Al centro delle ambizioni del governo dei talebani, c’è la trasformazione di Mes Aynak, enorme deposito di rame a sud-est di Kabul e sito archeologico; si stima che contenga circa 4,4 miliardi di tonnellate di minerale di rame. La Cina è fondamentale per realizzare le aspirazioni talebane.

L’interesse dei talebani per il rame non è una novità; i governanti dell’Afghanistan hanno cercato a lungo di sfruttare le ricchezze minerarie del paese. Lo sforzo per trasformare Mes Aynak risale almeno al 2008, quando la China Metallurgical Group Corp., di proprietà statale cinese, si è assicurata una concessione mineraria di 3 miliardi di dollari e 30 anni per il progetto. Dopo 16 anni di ritardi, i talebani e Pechino sembrano essere tornati sul progetto quest’estate con una cerimonia di inaugurazione a luglio per la costruzione di una strada per la miniera, che secondo i funzionari cinesi ha segnato un “passo significativo” in avanti.

Eppure, nonostante questo apparente slancio, gli analisti avvertono che una serie di sfide di sicurezza, normative, legali, finanziarie e infrastrutturali ostacolano il successo del progetto, insieme alle preoccupazioni su come l’attività mineraria potrebbe danneggiare le rovine storiche.

Il coinvolgimento della Cina nel progetto riflette il desiderio più ampio di Pechino di garantire la sicurezza regionale e ridurre al minimo l’instabilità che potrebbe estendersi oltre il confine condiviso con l’Afghanistan.

Dopo il ritiro degli Stati Uniti dall’Afghanistan nel 2021, hanno affermato gli esperti, l’impegno della Cina con i talebani è stato in gran parte guidato dall’interesse pratico di Pechino nel mantenere legami produttivi con il suo vicino e nel promuovere i propri obiettivi politici e di sicurezza. La Cina è stata la prima nazione a nominare un ambasciatore nell’Emirato dei talebani, mentre le aziende cinesi hanno firmato accordi di estrazione petrolifera con i talebani e hanno messo gli occhi sulle riserve di litio del paese, un altro minerale strategico. Pechino ha fornito all’Afghanistan più di 350 milioni di yuan di assistenza umanitaria dall’acquisizione da parte dei talebani nell’agosto 2021, secondo il Ministero degli Affari Esteri cinese.
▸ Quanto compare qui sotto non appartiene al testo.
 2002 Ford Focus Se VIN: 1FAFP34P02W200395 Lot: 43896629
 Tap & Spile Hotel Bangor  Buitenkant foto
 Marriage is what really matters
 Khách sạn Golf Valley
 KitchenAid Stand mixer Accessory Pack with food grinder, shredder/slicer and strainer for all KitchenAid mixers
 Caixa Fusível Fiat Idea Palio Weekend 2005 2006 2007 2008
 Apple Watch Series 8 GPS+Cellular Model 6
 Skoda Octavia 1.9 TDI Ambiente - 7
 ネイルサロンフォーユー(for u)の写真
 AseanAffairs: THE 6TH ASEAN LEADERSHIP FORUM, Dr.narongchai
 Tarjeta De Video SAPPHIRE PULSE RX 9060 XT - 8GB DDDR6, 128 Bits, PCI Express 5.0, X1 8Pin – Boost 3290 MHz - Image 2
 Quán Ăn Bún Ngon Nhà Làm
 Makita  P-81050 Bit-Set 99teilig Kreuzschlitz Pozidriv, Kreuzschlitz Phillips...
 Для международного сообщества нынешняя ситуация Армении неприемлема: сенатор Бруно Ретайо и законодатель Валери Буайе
“I cinesi hanno sempre questa mentalità secondo cui lo sviluppo porta a stabilità e pace”, ha detto Olander. “Immagino che parte del pensiero politico sia che l’impegno economico delle entità cinesi aprirà la strada a una maggiore stabilità e contribuirà allo sviluppo di un paese, che a sua volta contribuisce alla pace”.

Oltre alla politica, Pechino ha anche importanti interessi commerciali nel successo di Mes Aynak in particolare: “I cinesi hanno investito, hanno speso i loro soldi, ma non sta arrivando niente di concreto, quindi ovviamente vogliono riprenderlo”, riporta FP.

I talebani, alla ricerca di nuove fonti di entrate e di investimenti esteri, sono molto interessati a che tutto ciò eventi realtà. Affamati di più denaro e legittimità internazionale, i talebani hanno cercato attivamente legami economici più profondi con Pechino. Proprio l’anno scorso, l’Emirato ha annunciato i piani per unirsi ufficialmente al programma di politica estera del presidente cinese Xi Jinping, la Belt and Road Initiative, così come al China-Pakistan Economic Corridor.

Il progetto minerario di Mes Aynak si potrebbe scontrare comunque con la minaccia di attacchi dello Stato islamico e altre preoccupazioni per la sicurezza, insieme a enormi rischi finanziari e incertezza legale e normativa, tutti fattori che potrebbero rivelarsi molto difficili da superare. Anche i prezzi del rame sono saliti vertiginosamente negli ultimi mesi, offrendo un altro indicatore di quanto sarà difficile far decollare il progetto.

A tutto ciò va aggiunto che non c’è nessuna infrastruttura in Afghanistan: energia, acqua, treni: estrarre il minerale, portarlo fuori e trasportarlo in porto, ogni passaggio lungo quella catena è rischioso e costoso esistendo in altri paesi vicini alternative che molto meno rischiose, e più sviluppate.